** Opening Data shown block **

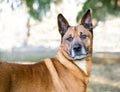 A German Shepherd mixed breed dog looking alert Royalty Free Stock Photo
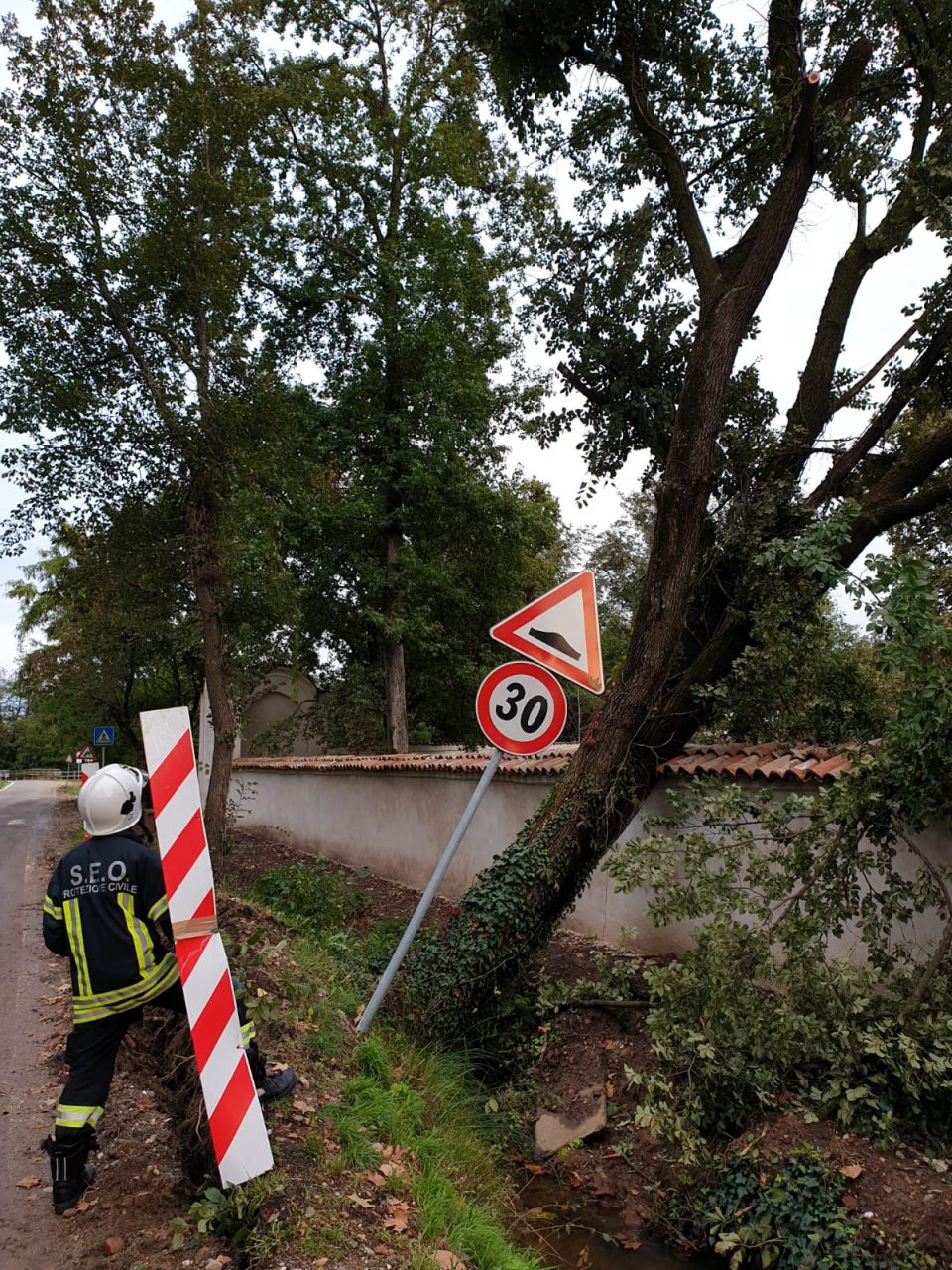 Maltempo, alberi caduti a Arese e Bollate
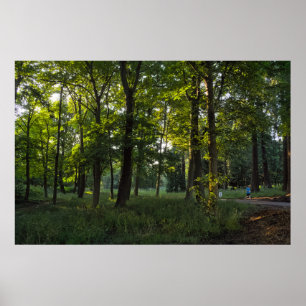 Summer Abend, Bute Park, Cardiff Poster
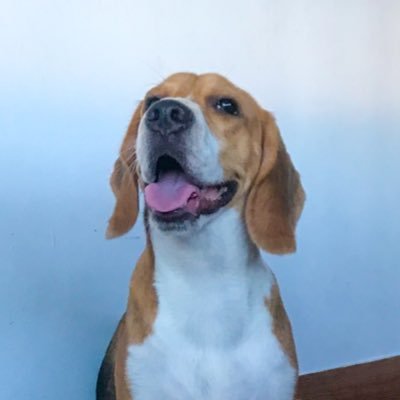 I'm Piper, the hyper beagle! I'm a good boy!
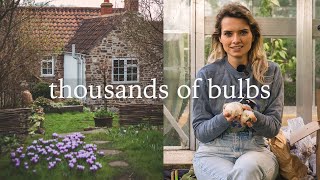 Adding 1000s of Bulbs to my Cottage Garden - Bulb Unboxing & Spring Flower Plans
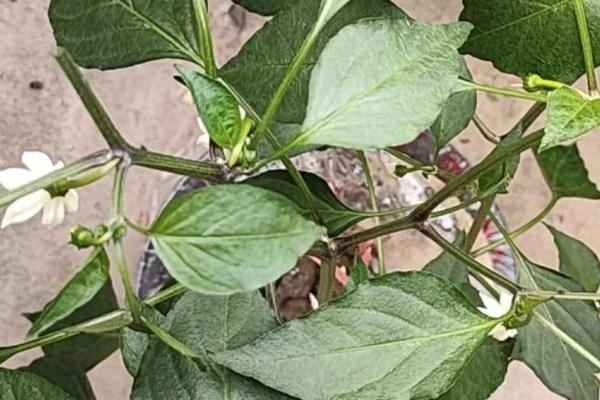 盆栽辣椒为什么只开花不结果,土壤板结和施肥不当都会导致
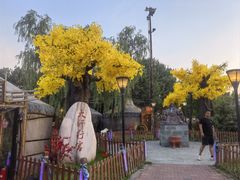 -大汗行宫园林餐厅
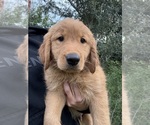 Small #2 Golden Retriever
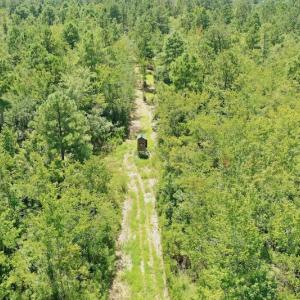Photo #37 of SOLD property in Off Dixon Road, Bethel, NC 33.0 acres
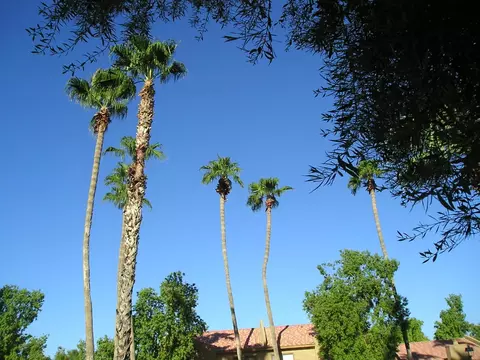 3511 E Baseline Rd #1221, Phoenix, AZ 85042 photo 10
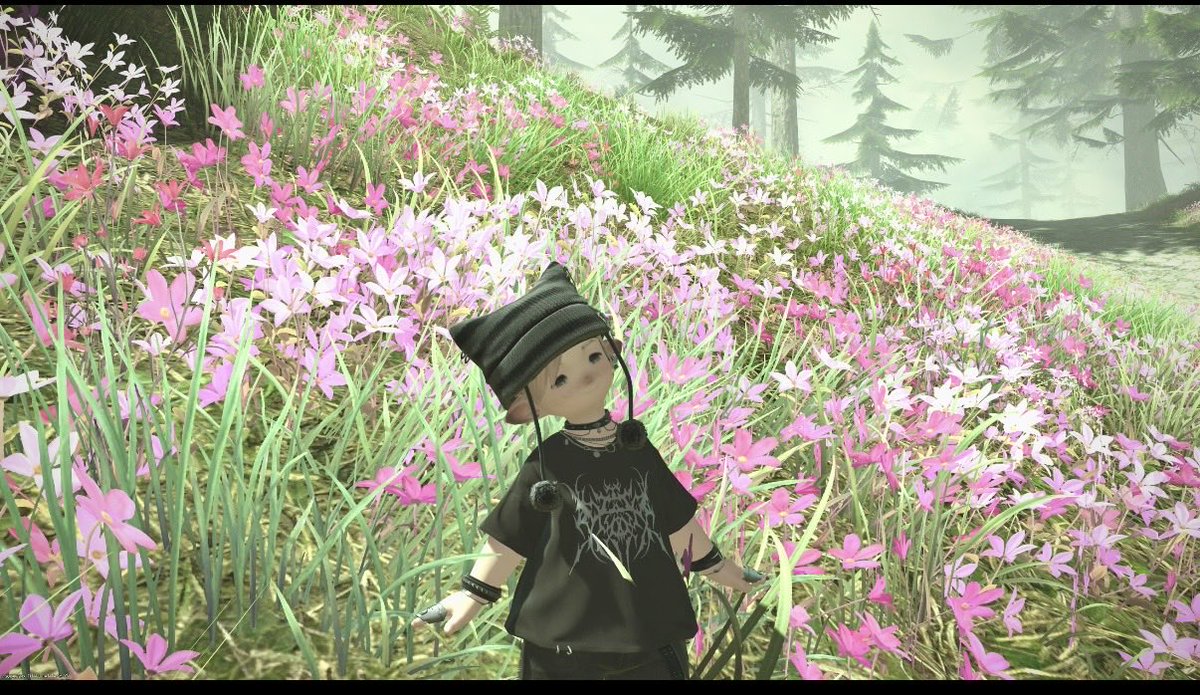 asappemonsuto's tweet photo. 幻想薬つかってしまった。
しばらくはこの姿ですごそー
#FF14 #FF14フレンド募集中 https://t.co/Y2n5j2Y9Ut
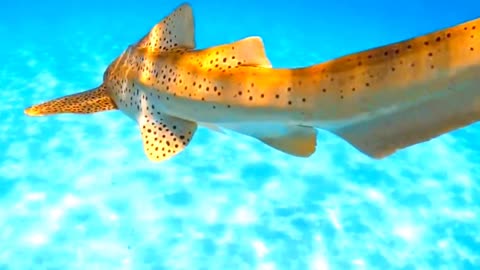 Satisfying Zebra Shark ASMR That Makes You Calm Original Satisfying Videos PART - 9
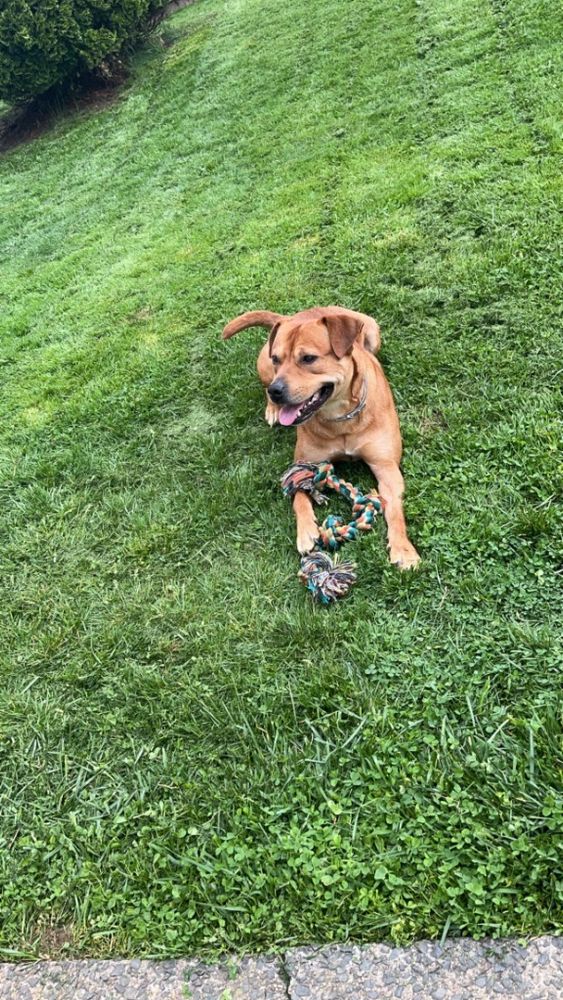 Rocky is a Adult Pit Bull Terrier mix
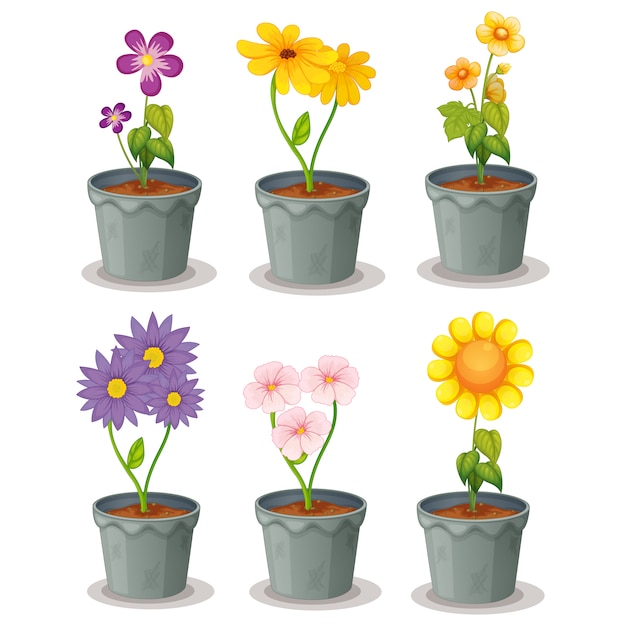 Free vector flowerpots collection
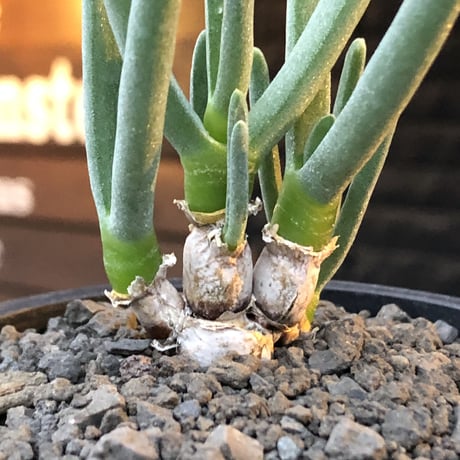 monilaria pisiformis《S size》※現地球発根後店主国内管理2年株※モニラリア属（激希少最上位種）冬型caudex※mad black pot植え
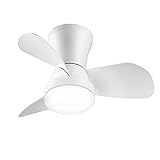 SUNMORY Ceiling Fans with Lights and Remote, 22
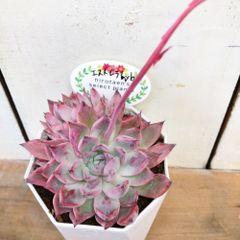 多肉植物エケベリア　エストレラｈｙｂ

** Closing Data shown block **

* [Task to complete] Copy only this, please: the line with "Summer Abend, Bute Park, Cardiff Poster" and every line after it through the end of the data, with no pictures.

* [Answer section]
 Summer Abend, Bute Park, Cardiff Poster
 I'm Piper, the hyper beagle! I'm a good boy!
 Adding 1000s of Bulbs to my Cottage Garden - Bulb Unboxing & Spring Flower Plans
 盆栽辣椒为什么只开花不结果,土壤板结和施肥不当都会导致
 -大汗行宫园林餐厅
 Small #2 Golden Retriever
Photo #37 of SOLD property in Off Dixon Road, Bethel, NC 33.0 acres
 3511 E Baseline Rd #1221, Phoenix, AZ 85042 photo 10
 asappemonsuto's tweet photo. 幻想薬つかってしまった。
しばらくはこの姿ですごそー
#FF14 #FF14フレンド募集中 https://t.co/Y2n5j2Y9Ut
 Satisfying Zebra Shark ASMR That Makes You Calm Original Satisfying Videos PART - 9
 Rocky is a Adult Pit Bull Terrier mix
 Free vector flowerpots collection
 monilaria pisiformis《S size》※現地球発根後店主国内管理2年株※モニラリア属（激希少最上位種）冬型caudex※mad black pot植え
 SUNMORY Ceiling Fans with Lights and Remote, 22
 多肉植物エケベリア　エストレラｈｙｂ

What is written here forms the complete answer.